Por doloroso que le resultara, sabía que Heath era una inversión emocional que no podía seguir permitiéndose. Durante meses trató de convencerse de que sus sentimientos hacia él tenían más que ver con la lujuria que con el amor, pero no era verdad. Le amaba de tantas maneras que había perdido la cuenta: porque básicamente era una buena persona; por su sentido del humor; por lo bien que la entendía… Pero sus desequilibrios emocionales tenían unas raíces kilométricas, hundidas en lo más profundo, y le habían causado daños irreparables. Era capaz de la lealtad más absoluta, de una dedicación completa, de ofrecer fuerza y consuelo, pero ella no creía ya que fuera capaz de amar. Tenía que erradicarle de su vida.

Sonó el teléfono. Como fuera Dean para decirle que no podía acudir, no se lo perdonaría nunca jamás. Fue corriendo al despacho y se apresuró a coger el auricular, antes de que el contestador saltara.

– ¿Hola?

– Escúchame: esto es por un asunto personal, no de negocios -dijo Heath-, así que no me cuelgues. Tenemos que hablar.

El simple sonido de su voz hizo que el corazón le diera un pequeño brinco.

– No sé de qué.

– Me despediste -dijo él con toda calma-. Te lo respeto. Ya no eres mi casamentera. Pero seguimos siendo amigos, y en interés de nuestra amistad tenemos que discutir la página trece.

– ¿La página trece?

– Me has acusado de ser arrogante. Yo siempre lo he visto más bien como confianza en mí mismo, pero estoy aquí para decirte que ya no. Después de examinar estas fotos… Cielo, si esto es lo que buscas en un hombre, creo que ninguno va a dar la talla.

Ella tenía la impresión creciente de que entendía exactamente lo que estaba diciéndole, y se sentó en la esquina del escritorio.

– No tengo ni idea de qué me estás contando.

– ¿Quién iba a decir que la silicona elástica viniera en tantos colores?

Su catálogo de juguetes sexuales. Se lo había llevado hacía meses. Esperaba que se hubiera olvidado de ello a esas alturas.

– La mayor parte de estos productos parecen ser hipoalergénicos -prosiguió Heath-. Eso está bien, supongo. Algunos van a pilas, otros no. Supongo que eso es cuestión de preferencias. Éste lleva un arnés. Bastante morboso. Y… ¡Qué hijos de puta! Aquí dice que éste puede meterse en el lavavajillas. Mira que me gusta… Pero lo siento mucho, hay algo en eso que le quita a uno las ganas.
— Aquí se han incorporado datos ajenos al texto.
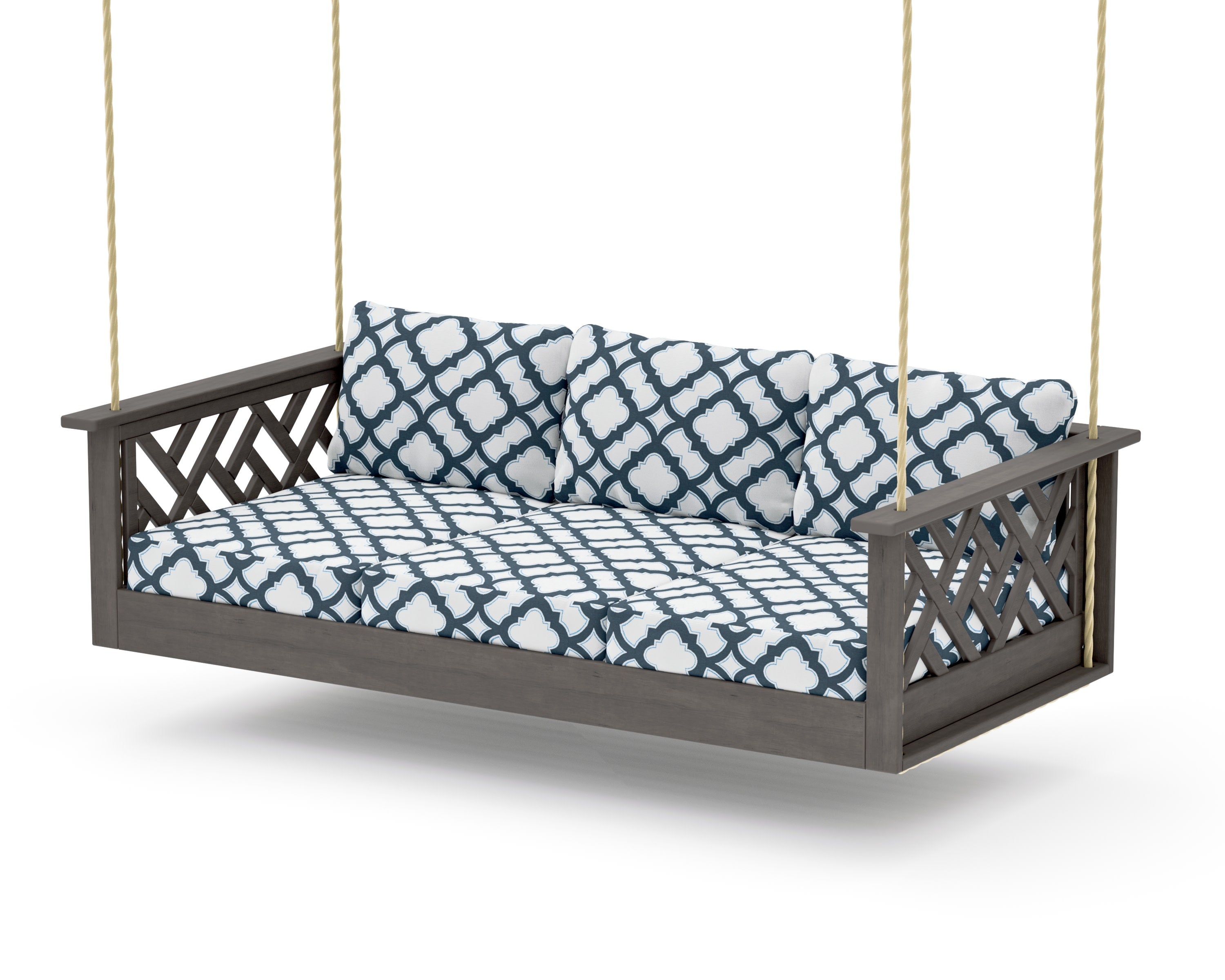 Chippendale Daybed Swing in Driftwood / Trellis Marine Indigo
Tendría que colgarle, pero le había echado tanto de menos…

– Sean Palmer, ¿eres tú? Si no dejas de decir guarradas voy a contárselo a tu madre.

No picó.

– En la página catorce, arriba del todo… Este modelo viene con una especie de bomba de mano. Has doblado la esquina, así que debes estar interesada.

Estaba casi segura de no haber doblado la esquina de ninguna página, pero a saber…

– ¿Y qué hay de éste de la ventosa? La cuestión es: ¿dónde hay que pegarlo, concretamente? Una pequeña advertencia, corazón, si pegas algo así en la ventana de tu habitación o, demonios, en el salpicadero de tu coche… conseguirás atraer la clase de atención que no te conviene.

Ella sonrió.

– Dime sólo una cosa, Annabelle, que tengo que irme ya. -Su voz bajó a un tono intimista y cálido que la hizo estremecerse-. ¿Por qué va a interesarle a una mujer uno artificial, cuando uno de verdad funciona mucho mejor?

Mientras ella buscaba la réplica justa, él colgó. Annabelle hizo unas cuantas inspiraciones profundas, pero no consiguió serenarse. Por más que intentara protegerse, él siempre le llegaba adentro, lo cual era la principal razón por la que no podía permitirse conversaciones como aquélla.

Sonó el timbre. Gracias a Dios, Dean llegaba antes de hora. Saltó del escritorio y se presionó las mejillas con las manos para enfriarlas un poco. Adoptando una sonrisa forzada, abrió la puerta de la calle.